The reality is the offenses are minor. These people are not monsters.
According to Pirtle, most people experiencing homelessness are fined for jaywalking, public urination or shoplifting food.
In order to survive on the streets, many people experiencing homelessness must resort to petty crimes or breaking the laws of states that criminalize homelessness.
As Pirtle said, “We put people in this position then we judge them for what they’ve done.”
Criminalization and mental abuse can prolong homelessness, yet at the heart of the matter is money and access to services.
Pirtle stated, “The number one cause of homelessness is not mental illness, it’s not drugs, it’s not domestic violence. Those are all up there, but…the reason people become homeless is they simply cannot afford a place to live.”

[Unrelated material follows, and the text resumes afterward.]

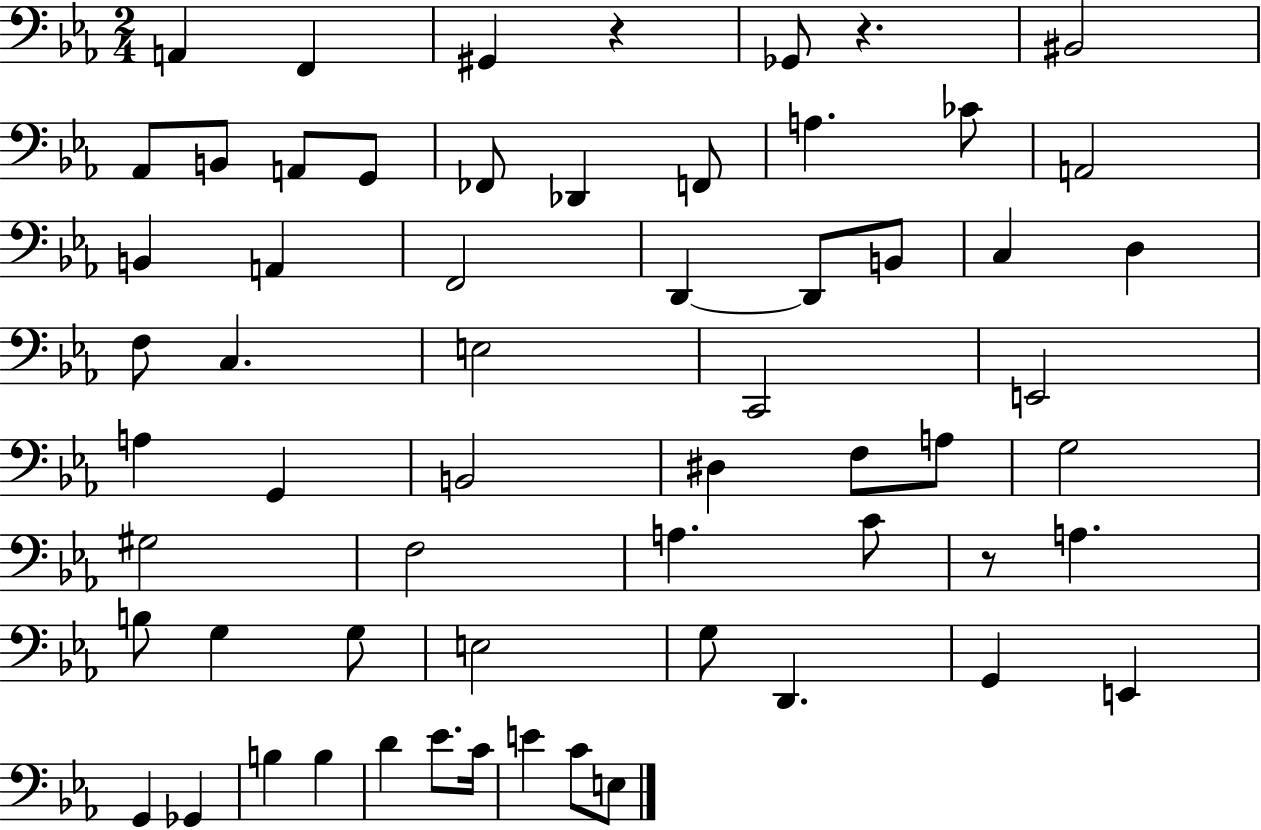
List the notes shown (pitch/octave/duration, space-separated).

A2/q F2/q G#2/q R/q Gb2/e R/q. BIS2/h Ab2/e B2/e A2/e G2/e FES2/e Db2/q F2/e A3/q. CES4/e A2/h B2/q A2/q F2/h D2/q D2/e B2/e C3/q D3/q F3/e C3/q. E3/h C2/h E2/h A3/q G2/q B2/h D#3/q F3/e A3/e G3/h G#3/h F3/h A3/q. C4/e R/e A3/q. B3/e G3/q G3/e E3/h G3/e D2/q. G2/q E2/q G2/q Gb2/q B3/q B3/q D4/q Eb4/e. C4/s E4/q C4/e E3/e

The minimum wage in America, during the first quarter of 2016, was $7.25 an hour. According to Pew Research Center, approximately 20.6 million Americans are “near-minimum-wage” workers.

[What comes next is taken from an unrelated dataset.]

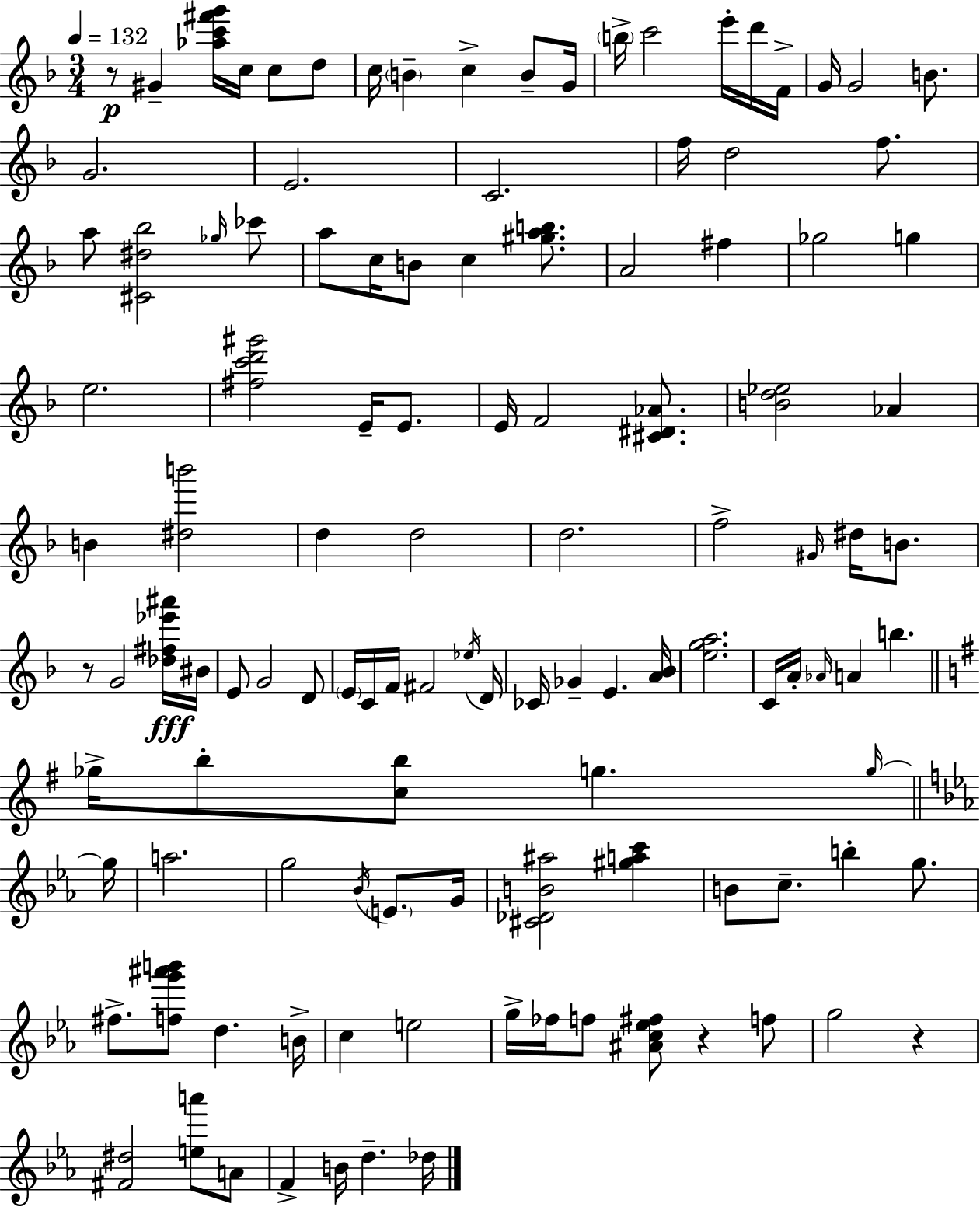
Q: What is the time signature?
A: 3/4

According to Decade to Doorways Administrator Lauren Hutzel, ”We have about 615 people experiencing homelessness on any given night in Chester County and they’re not the people you think of when you think of maybe or when you see maybe in NYC or Philadelphia. Chester County is an affluent county, that doesn’t mean that we don’t have homelessness. Maybe that person who, the single mom who moved in with her grandma because her husband left her and she doesn’t have income, but then maybe her grandma passes away and she’s not on the lease so she’s evicted.”
Therefore, the difference between being a homeowner and living on the streets is not as distinct as many might think.
Without sufficient monetary resources to afford a house or monetary support of family members, individuals can fall on difficult times.
“Tens of millions of households are living paycheck to paycheck. If anything happens to stop that flow of money, they end up on the streets. And so it’s easier to pretend that homelessness is a character flaw rather than an economic one. And that way they say I’m not like those people, so it can’t happen to me. Right up until it does happen,” Pirtle said.
According Hutzel, experiencing homelessness can happen to anyone and all Americans should empathize with those in their community instead of shunning them.